Tuesday, October 20, 2009

You get this, I get that. The division of powers...

The recent move by the federal government to seek the views of the Supreme Court on the whether the feds have the constitutional authority to establish a national securities regulator brought back memories.

Or were they nightmares? I am not sure, all I know is that the issue of the division of powers popped back into my consciousness.

You see, in another life I spent some time working on the unity file and the question of who has the power to do what was...sadly...a daily issue to consider. For those unfamiliar, a very brief overview.

The Constitution sets out the powers of the federal and the provincial governments. The intent at the time was to have a strong central government - the Fathers of Confederation had just witnessed what state power had led to in the U.S. and wanted to avoid that in Canada.

The juicy stuff (circa 1867) therefore went to the feds. The feds also got much more ability to tax and spend. The provinces' lot included things which meant less at that time, but which have grown in importance (and cost) since. Think health care and education.

So, in may instances one has the cash and the other the power.

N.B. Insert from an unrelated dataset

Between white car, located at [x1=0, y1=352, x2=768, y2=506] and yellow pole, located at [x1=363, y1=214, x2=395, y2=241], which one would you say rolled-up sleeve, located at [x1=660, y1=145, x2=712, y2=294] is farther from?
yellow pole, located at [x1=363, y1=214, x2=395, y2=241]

Over the years some interesting (yes, I can be a geek) battles have been fought as to whether one is encroaching on the powers of the other. This has been amplified by two things.

First, the Constitution could not truly anticipate the world as it evolved so as new areas emerged it was not always clear who had responsibility (in fairness, the feds have the default but that is a world of grey).

Second, the Quebec issue. Understandably, no province has guarded its areas of responsibility quite like Quebec, regardless of which party was leading the province.

See, the feds have liked to initiate programs in areas of provincial jurisdiction. The provinces - often led by Quebec - have lobbied for the money to do their own thing.

Meech Lake was a notable effort to deal with this issue. Under the Accord, the federal government would allow a province to opt out of a federal program in an area of provincial jurisdiction with compensation if they introduced something comparable which met national standards.

What are national standards? Who knows. And that's why I brought this topic up tonight (along with a side conversation with one of my 3..count them 3 comment-providers on this site. Yes, we are growing here at politics.watcher!).

A federal system will naturally have a quilt-like approach to policy. At its best, this system can allow provinces to develop programs which fit the needs of their often unique populations.

If these work well, there is an opportunity for other provinces to follow suit and the result can be a national program.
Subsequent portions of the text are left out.